*** Begin section ***

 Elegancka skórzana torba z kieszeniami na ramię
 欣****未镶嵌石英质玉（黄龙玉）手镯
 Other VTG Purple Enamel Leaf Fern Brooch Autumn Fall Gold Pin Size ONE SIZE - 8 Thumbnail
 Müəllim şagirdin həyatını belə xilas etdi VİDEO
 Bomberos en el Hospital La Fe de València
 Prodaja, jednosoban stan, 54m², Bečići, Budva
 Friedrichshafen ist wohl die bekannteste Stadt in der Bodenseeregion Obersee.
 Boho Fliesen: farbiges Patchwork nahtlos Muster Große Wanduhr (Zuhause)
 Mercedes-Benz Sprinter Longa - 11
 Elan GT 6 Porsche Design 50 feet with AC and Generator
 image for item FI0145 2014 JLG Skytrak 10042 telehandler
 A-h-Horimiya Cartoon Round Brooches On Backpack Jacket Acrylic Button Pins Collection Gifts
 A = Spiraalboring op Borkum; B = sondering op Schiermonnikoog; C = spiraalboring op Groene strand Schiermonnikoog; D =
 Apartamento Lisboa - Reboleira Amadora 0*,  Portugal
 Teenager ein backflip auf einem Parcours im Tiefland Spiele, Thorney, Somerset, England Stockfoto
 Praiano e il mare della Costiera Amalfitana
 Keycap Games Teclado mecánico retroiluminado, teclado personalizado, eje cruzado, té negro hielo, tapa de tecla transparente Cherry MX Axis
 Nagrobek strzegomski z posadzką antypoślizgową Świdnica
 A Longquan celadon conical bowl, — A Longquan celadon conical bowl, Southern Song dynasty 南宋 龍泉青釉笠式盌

*** End section ***

Set down, exactly as they stand above, the lines starting with the line with "A-h-Horimiya Cartoon Round" and going on through the line with "Apartamento Lisboa - Reboleira", and no others.

 A-h-Horimiya Cartoon Round Brooches On Backpack Jacket Acrylic Button Pins Collection Gifts
 A = Spiraalboring op Borkum; B = sondering op Schiermonnikoog; C = spiraalboring op Groene strand Schiermonnikoog; D =
 Apartamento Lisboa - Reboleira Amadora 0*,  Portugal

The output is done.